### THE DATA
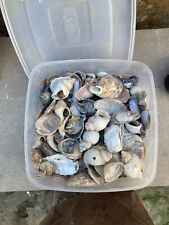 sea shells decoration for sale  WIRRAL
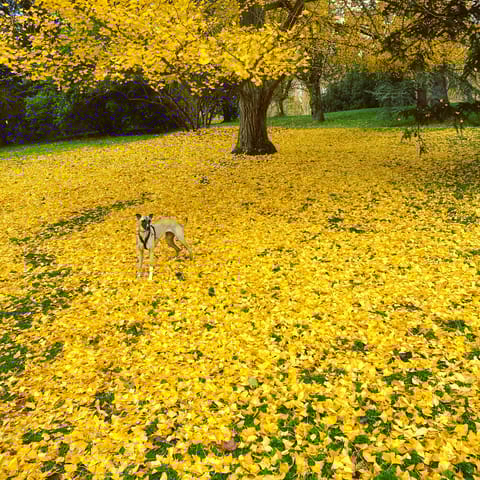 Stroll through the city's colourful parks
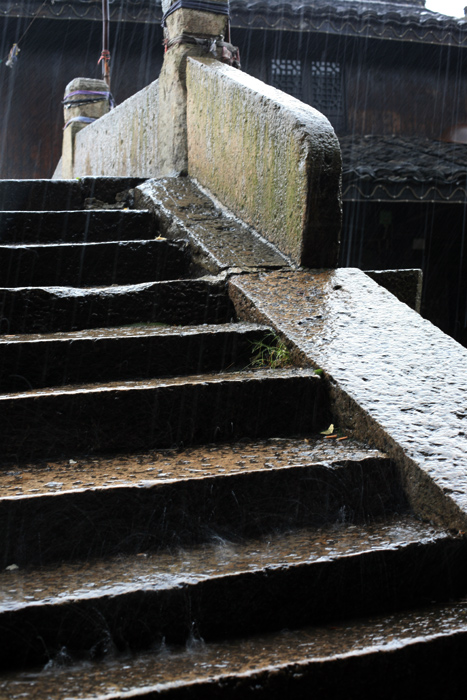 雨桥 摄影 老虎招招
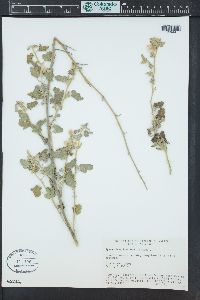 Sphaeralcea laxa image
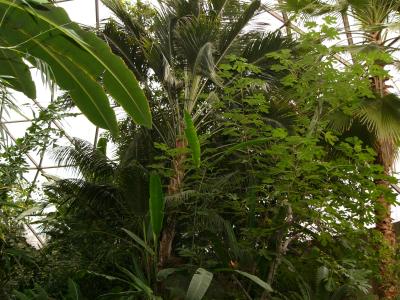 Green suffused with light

* * *

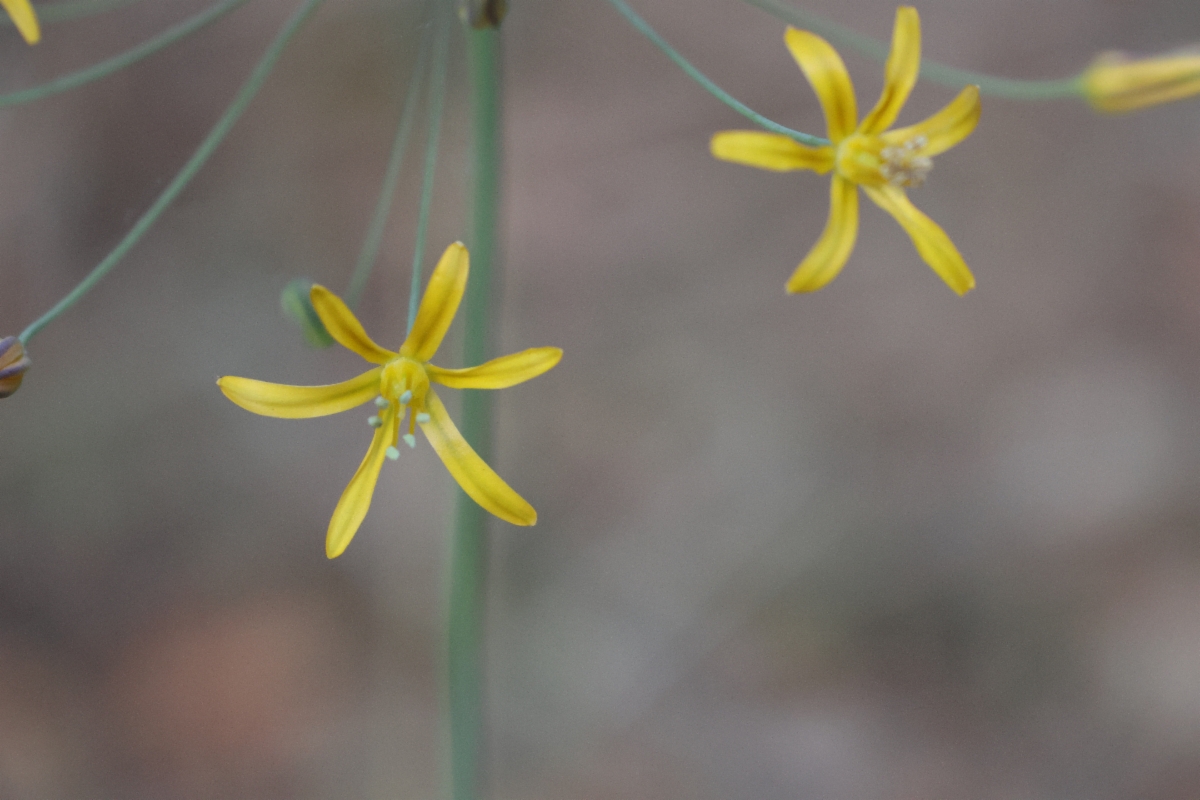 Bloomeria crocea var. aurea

### TASK STATEMENT
In the listing above, find the line containing "sea shells decoration" and the line containing "Green suffused with light", then return both of them and every line between, exactly, without pictures.

### ANSWER BOX
 sea shells decoration for sale  WIRRAL
 Stroll through the city's colourful parks
 雨桥 摄影 老虎招招
 Sphaeralcea laxa image
 Green suffused with light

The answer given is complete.